ChIP-seq down-stream analysis: ChIPseeker¶
Learning outcomes
Using ChIPseeker
package
to profile ChIP signal by genomics location and by ChIP binding to TSS regions
to annotate peaks, visualise and compare annotations
to run and compare functional enrichment
Introduction¶
In this tutorial we use another package, ChIPseeker
, to have a look at the ChIP profiles, annotate peaks and visualise annotations as well as to run functional enrichment. In a way, ChIPseeker
can be seen as an alternative and newer workflow to ChIPpeakAnno
(introduced in differential binding). It also offers additional functionality, e.g. especially when it comes to visualising ChIP profiles and comparing functional annotations.

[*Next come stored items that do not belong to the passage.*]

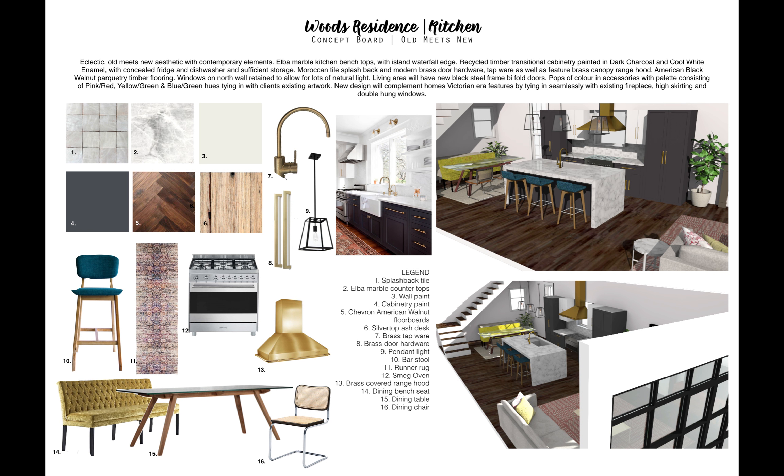We also have brass tapware and brass pull bars on all the drawers and cupboards to tie in with the range hood and give the kitchen a more upmarket feel. We also have the Southampton pendant lights as a feature above the island bench.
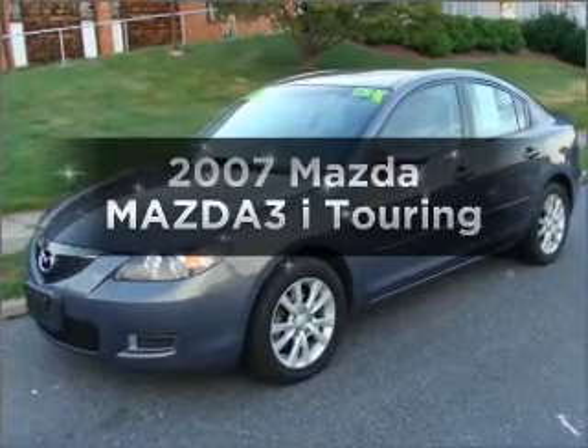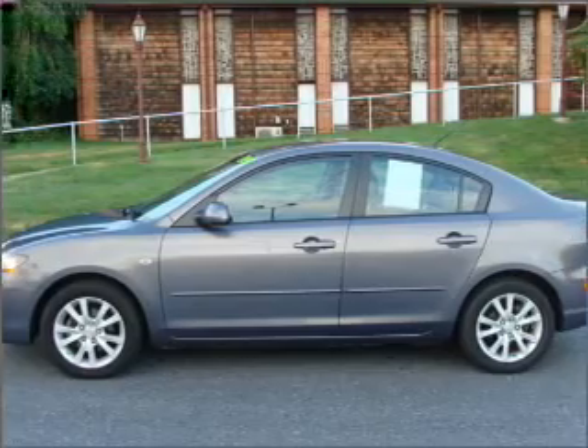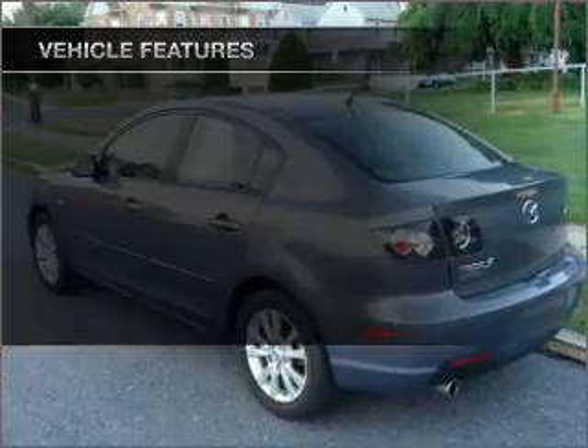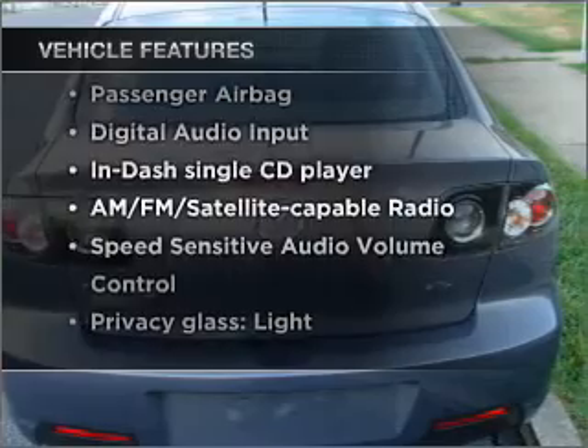Presenting the 2007 Mazda Mazda 3. Everything you need under one roof with this great vehicle. With an efficient four-cylinder engine that gives you more control with its manual transmission. And with these notable features, you won't want to miss out on the opportunity to own this amazing vehicle.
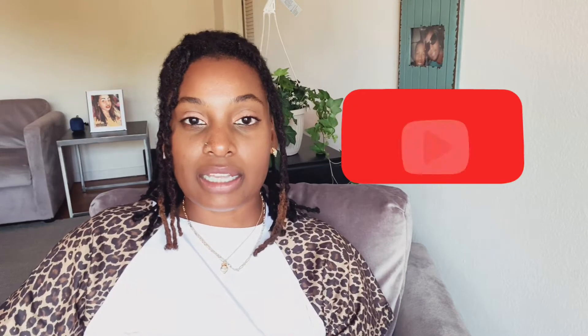Before I get into my video today, do not forget to subscribe to my channel if you find my content helpful, and also do not forget to turn on the notifications bell so you'll know every time when I upload a video.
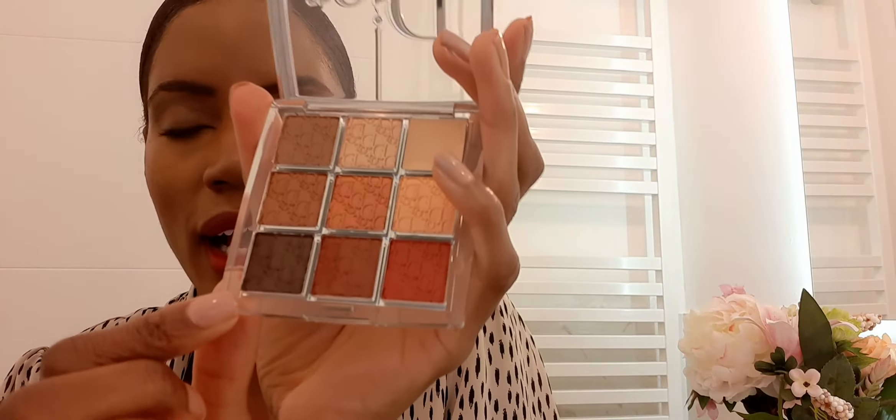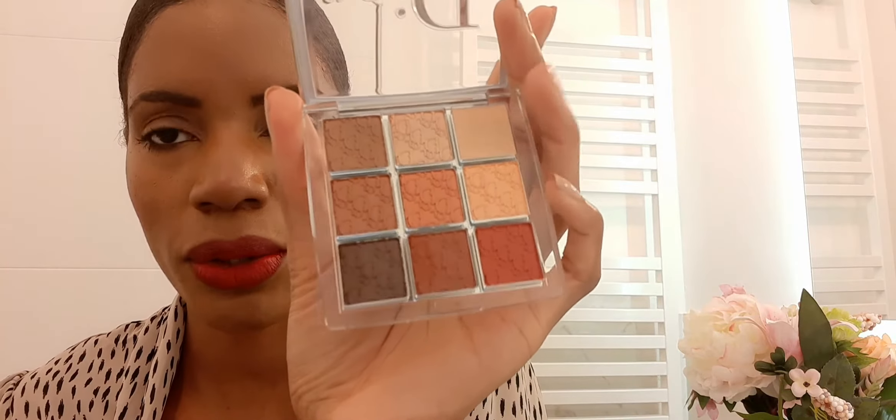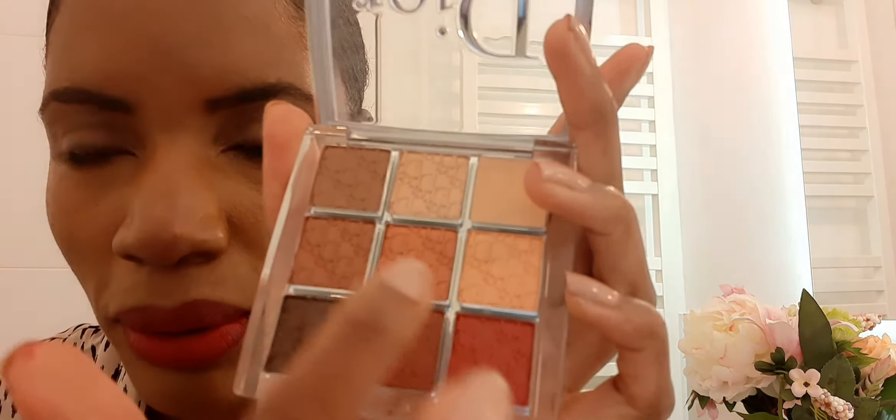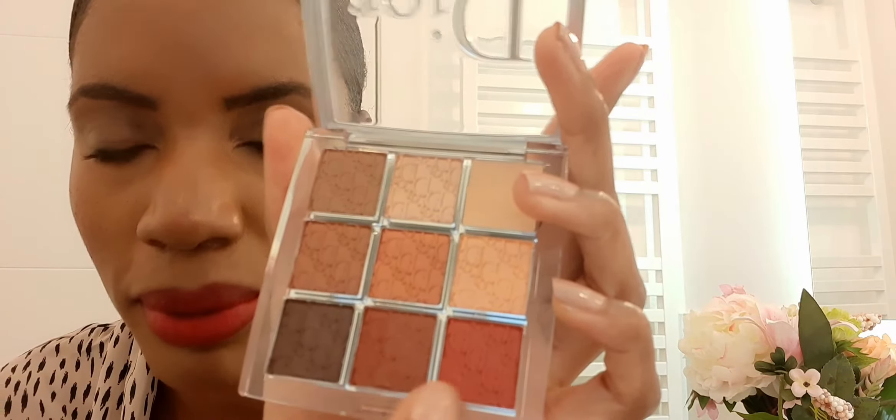Let's pop it open. So here we are — there's no mirror, which to some people is a downside, but to me I don't really care. I generally use eyeshadow at home, not on the go, so that's fine. This is what the colors look like up close — you can see the little Dior print at the top.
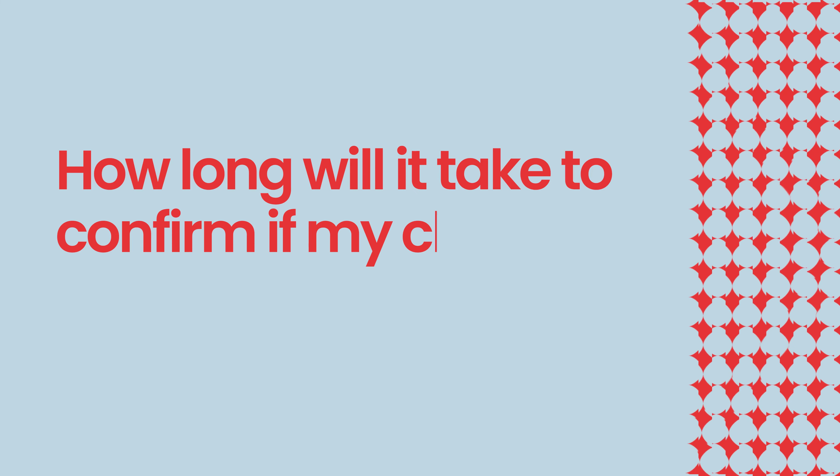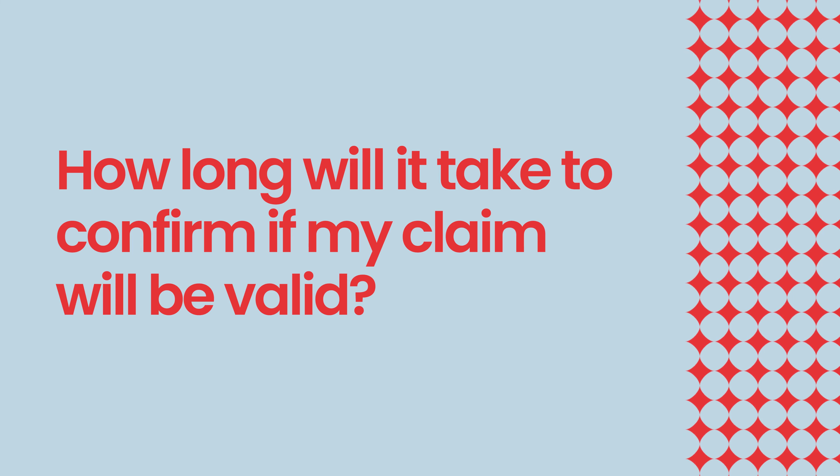How long will it take to confirm if my claim will be valid? This will depend upon the nature of the problem and whether any further investigations may be required after we have visited. However, in the majority of cases we will be able to confirm in 20 working days whether a claim is valid.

It supports annotating ChIP peaks and provides functions to visualize ChIP peaks coverage over chromosomes and profiles of peaks binding to TSS regions. Comparison of ChIP peak profiles and annotation are also supported. Moreover, it supports evaluating significant overlap among ChIP-seq datasets. Currently, ChIPseeker contains 17,000 bed file information from GEO database. These datasets can be downloaded and compare with user’s own data to explore significant overlap datasets for inferring co-regulation or transcription factor complex for further investigation.
Data & Methods¶
We will build upon the main labs, using the same dataset and results from DiffBind
analyses that we have saved under DiffBind.RData
. The tutorial is based on the ChIPseeker package tutorial so feel free to have this open alongside to read and experiment more.
Setting-up¶
You can continue working in the diffBind
directory. We need access to diffBind.RData
object, and some libraries, whcih are preinstalled. We access them via:
module load R_packages/4.0.4
In an R
session:
# Load libraries (install if needed)
library(DiffBind)
library(ChIPseeker)
library(ReactomePA)
library(clusterProfiler)
library(biomaRt)
library(org.Hs.eg.db)
library(TxDb.Hsapiens.UCSC.hg19.knownGene)
txdb <- TxDb.Hsapiens.UCSC.hg19.knownGene
ChIP profile¶
ChIP peaks coverage plot¶
After peak calling one may want to visualise distribution of peaks locations over the whole genome. Function covplot
calculates coverage of peaks regions over chromosomes.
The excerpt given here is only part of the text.